No Brasil, um dos projetos mais famosos nesta área é do neurocientista Miguel Nicolelis. Ele prometeu, na abertura da Copa do Mundo de 2014, fazer uma paraplégico levantar da cadeira de rodas, caminhar no gramado da Arena Corinthians e chutar uma bola usando uma veste robótica (exoesqueleto) controlada pelo cérebro. A apresentação, porém, frustrou uma parte da comunidade científica, uma vez que o jovem levado ao estádio fez apenas um pequeno movimento no dia da estreia do torneio.
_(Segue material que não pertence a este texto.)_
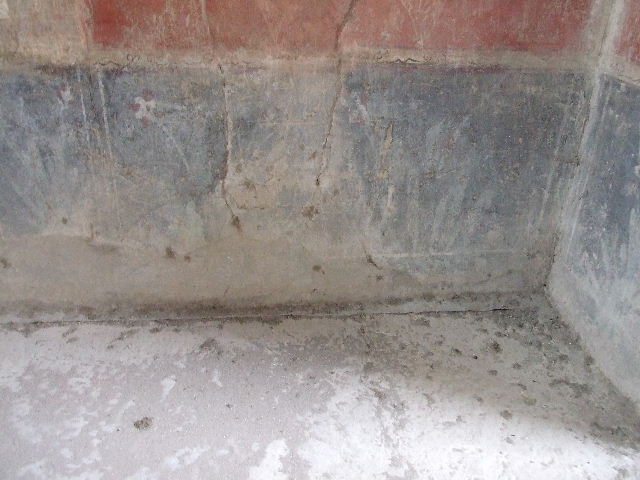 VI.16.15 Pompeii. December 2006. Upper west wall of room F with detail of wall decoration.
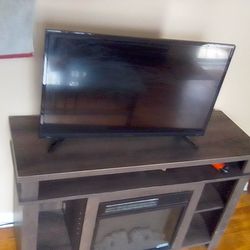 32" insignia tv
Dois anos depois, Nicolelis e a equipe publicaram artigo na revista Scientific Reports dizendo que seis homens e duas mulheres que haviam perdido completamente o uso das pernas haviam apresentado avanços significativos no processo de retomar funções motoras. Parte deles havia recuperado até a vida sexual.
Após a repercussão nas redes sociais do vídeo em que Mara Gabrilli testa o exoesqueleto, Nicolelis publicou nas redes sociais uma fotografia do novo equipamento que, segundo ele, está em desenvolvimento com colegas da Universidade de Duke (EUA). Ainda conforme o pesquisador, o robô de baixo custo responde à atividade elétrica do cérebro do usuário, que usa apenas um iPhone para controle eletrônico e digital do sistema.